■ BRIEF: Look through the entries below for the line with "Levtex Home Lacey" and the line with "Boîte à coton", then give again exactly those two lines and all lines between them, minus the pictures.

■ RECORD SET:
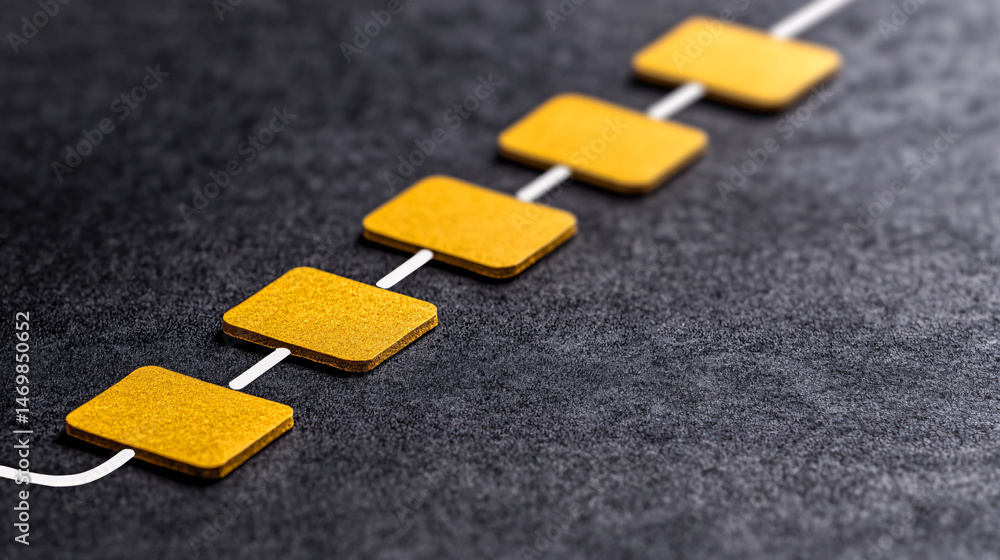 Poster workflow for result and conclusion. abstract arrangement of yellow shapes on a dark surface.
* * *
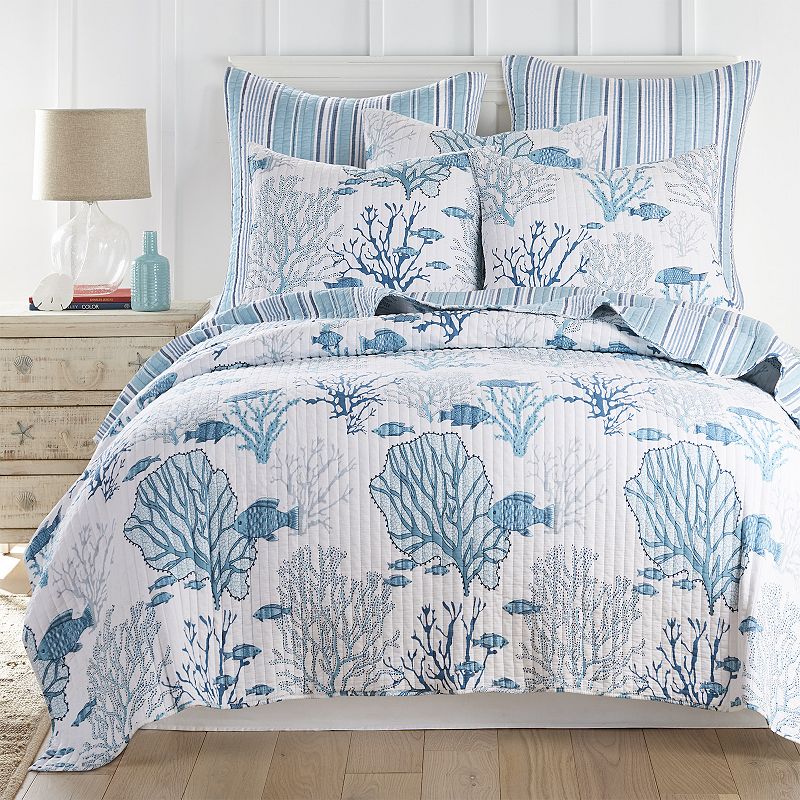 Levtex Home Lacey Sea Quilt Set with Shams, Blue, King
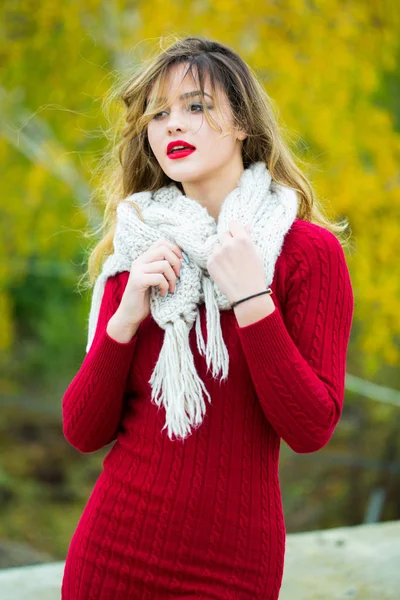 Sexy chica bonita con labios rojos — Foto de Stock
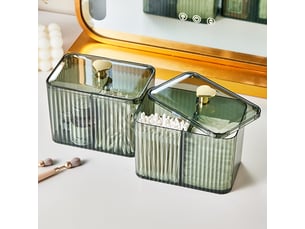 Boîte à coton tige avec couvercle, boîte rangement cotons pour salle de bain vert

■ ANSWER BOX:
 Levtex Home Lacey Sea Quilt Set with Shams, Blue, King
 Sexy chica bonita con labios rojos — Foto de Stock
 Boîte à coton tige avec couvercle, boîte rangement cotons pour salle de bain vert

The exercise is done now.